Why decorating my daughter’s bedroom is more about politics than paint
This is what my little girl’s room looks like at the moment. As you might be able to see, it needs a bit of a rethink (see Giving our toddlers’ bedrooms some personality)
A ‘big girl’ bed
She really wants a ‘big girl’ bed (an adult single bed). She even has it on her ‘list of things to remember’ (along with start ballet classes, go to big toy shop in London and make lemon cakes) and it has now transferred, or perhaps duplicated, on to her birthday list.
My parents have my old wooden bed spare so, to save pennies, I thought we would reuse it by giving it a lick of paint. Even though my daughter’s favourite colours are yellow and purple, I want to keep the basics neutral and add colour with accessories. I don’t want to paint the bed white (too country nursery) so I’m opting for grey.
I have discovered that planning on painting your daughter’s bed grey is the sort of thing that doesn’t go down well in some circles (it turns out conservative Bucks isn’t a hotbed of radical feminism and, for the most part, wholeheartedly embraces pink, princesses and 1950s florals with no hint of irony).
Paint is political
I think the reason I am finding it so hard to work out how to decorate my daughter’s room is that it is not just about paint. It is, at least in part, about who she is and who she will be. It is about treading the line between gender inequality and absolutes and finding an aesthetic for girls that is empowering and fun.

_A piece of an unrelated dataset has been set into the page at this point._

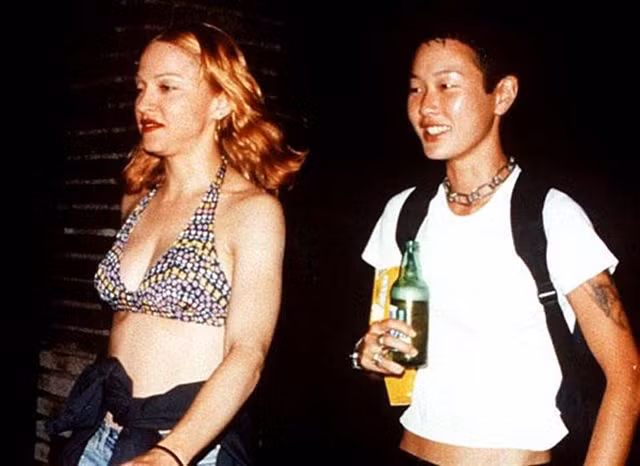  Jenny từng có mối tình chớp nhoáng với nữ ca sĩ Madonna. 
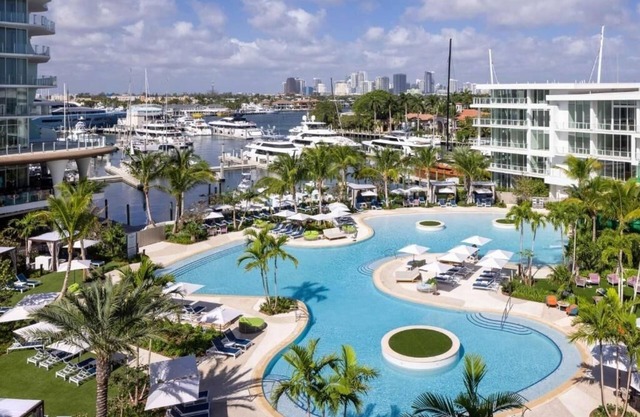 Luxurious Waterfront Room w/ Spacious Balcony + Marina View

But what does that mean? Is there anything wrong with pink? Or fairies? Or ‘cute’? Or flowers? Or ballet? Or cupcakes? And how much does it really matter? Surely identity and self-worth are shaped much more by less superficial factors?
A few ideas
- I’m on the hunt for some really bright yellow bed linen with a modern, graphic pattern. I’ll let you know when I’ve found it.
- I’ve ordered some yellow, purple and white string lights from Cable & Cotton. They’re not cheap but are hand-made by skilled Thai women in good working conditions. Which works for me.
- I’m looking into ways to display her multitude of artworks, perhaps using a pinboard that I could make myself.
I’ll be posting more ideas for my daughter’s room, including photos, as we go.